According to the present invention, the substrate may contain one or more additives selected from the following: water, alcohols, glycols, hydrocarbons (such as petroleum jelly) and white Vaseline (white petrolatum), wax (such as paraffin and yellow wax), preserving agents, antioxidants, surfactants, absorption enhancers (absorption) enhancers), stabilizers (stabilizing agents), gelling agent (gelling agents) [such as Carbopol ^® 974P (carbopol ^® 974P), microcrystalline cellulose (microcrystalline cellulose) and carboxymethyl cellulose (carboxymethylcellulose)], the activity of Active agents, humectants, odor absorbers, fragrances, pH adjusting agents, chelating agents, emulsifiers, occluding agents occlusive agents, emollients, thickeners, solubilizing agents, penetration enhancers, anti-irritants, colorants, and propellants ( propellants) and so on. The selection and quantity of these additives fall within the scope of professionalism and routine technology of those who are familiar with this technology.

According to the present invention, the skin care product may further include an acceptable adjuvant that is widely used in skin care product manufacturing technology. For example, the acceptable adjuvant may contain one or more agents selected from the group consisting of solvents, gelling agents, active agents, preservatives, antioxidants, screening agents, chelating agents, surfactants, dyes Coloring agent, thickening agent, filler, fragrance and odor absorber. The selection and quantity of these reagents fall within the scope of professionalism and routine techniques of those who are familiar with this technique.

According to the present invention, the skin care product can be manufactured into a form suitable for skincare or makeup by using techniques well-known to those skilled in the art. This includes, but is not limited to: aqueous solution, water -Alcohol solution (aqueous-alcohol solution) or oily solution (oily solution), oil-in-water type (oil-in-water type), water-in-oil type (water-in-oil type) or complex emulsion, gel Glue, ointment, cream, mask, patch, pack, liniment, powder, aerosol, spray, lotion, emulsion, paste, foam, dispersion, drops, mousse ( mousse, sunblock, tonic water, foundation, makeup remover products, soap and other body cleansing products.

According to the present invention, skin care products can also be used in combination with one or more external use agents selected from the following known active agents: whitening agents (such as tretinoin, catechins) (catechin), koji acid, arbutin and vitamin C], moisturizers, anti-inflammatory agents, bactericides, ultraviolet absorbers, plant extracts [ Such as aloe extract, skin nutrients, anesthetics, anti-acne agents, antipruritics, analgesics, and anti-dermatitis agents (antidermatitis agents), antihyperkeratolytic agents, anti-dry skin agents, antipsoriatic agents, antiaging agents, antiwrinkle agents, Antiseborrheic agents, wound-healing agents, corticosteroids and hormones. The selection and quantity of these topical agents fall within the scope of professionalism and routine techniques of those who are familiar with this technology.

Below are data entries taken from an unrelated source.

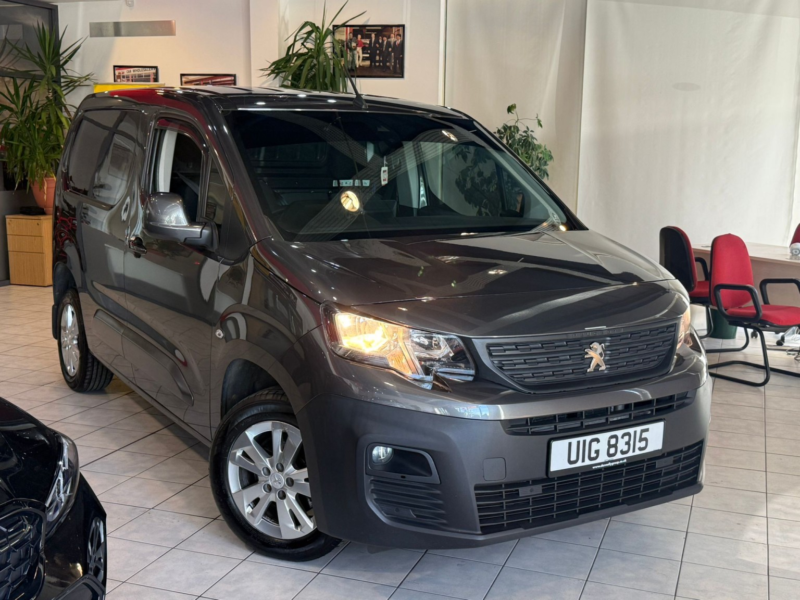 2020 Peugeot Partner 1.5 Bluehdi 1000 Asphalt in Grey — image 1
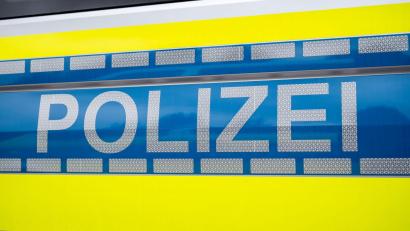 Symbolbild: Daniel Vogl/dpa
Mit einem Bild aus einer Überwachungskamera sucht die Polizei nach dem Täter.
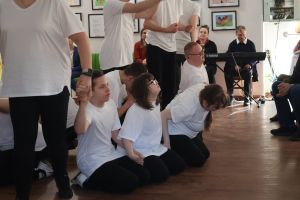 Wychowankowie ośrodka tańczą na scenie (3)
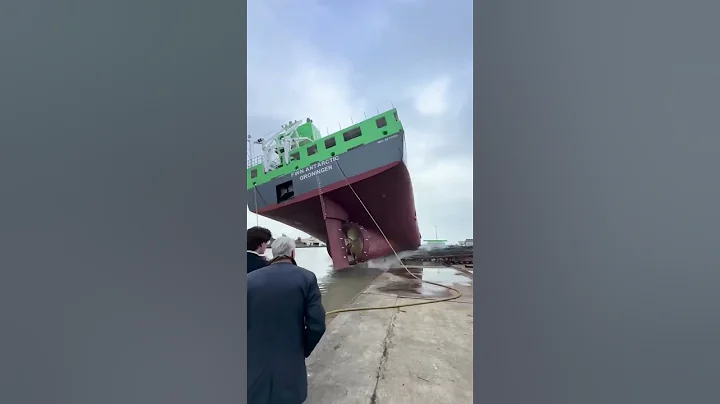 How big ships are launched into the ocean part 5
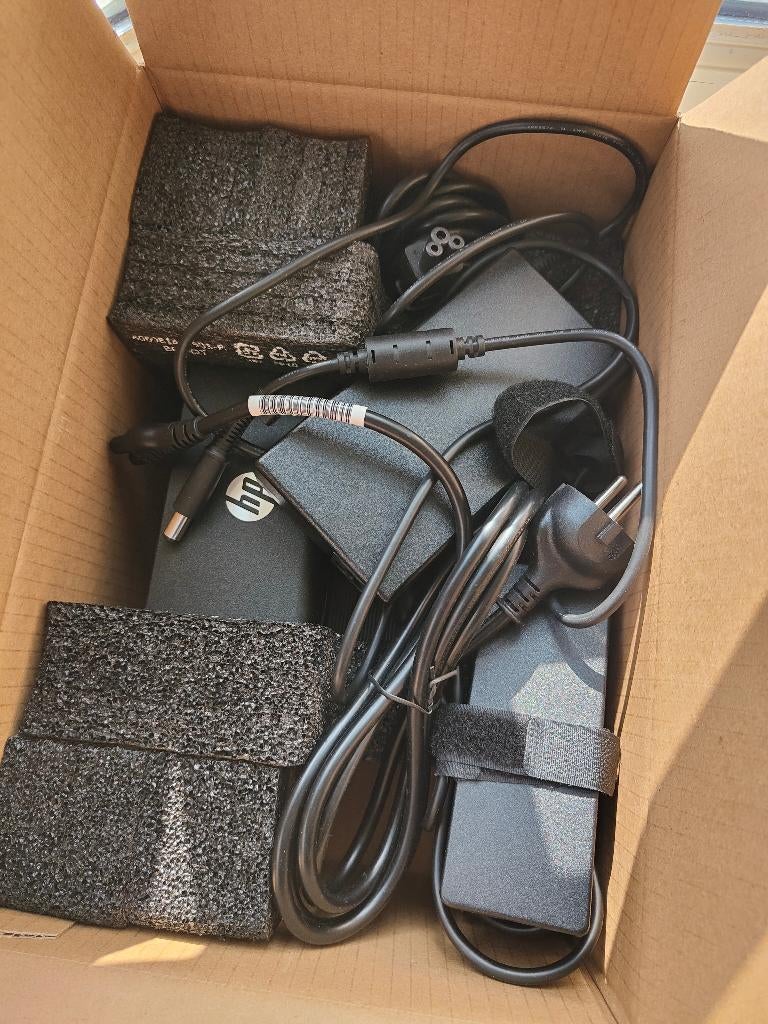 HP Docking Station 90 Watt met USB 3.0 (A7E32ET), Ophalen, Gebruikt, Docking station, Hp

Example 1. Preparation of extracts of South American Wedelia chinensis

First, the entire South American Wedelia chrysanthemum (sourced by farmers) is cleaned for subsequent extraction. Next, take the washed whole Wedelia chrysanthemum plant and homogenize it, and then use water or alcohol as the extraction solvent for the homogenate; in an embodiment of the present invention, the extraction solvent is a liquid of 5-20:1-5 with water. The solid ratio is 50~100℃ for 0.5~3 hours. After that, it was cooled to room temperature and filtered through a 400 mesh filter, and then the filtered product was concentrated under reduced pressure at 45-70° C. to obtain an extract of Wedelia chinensis.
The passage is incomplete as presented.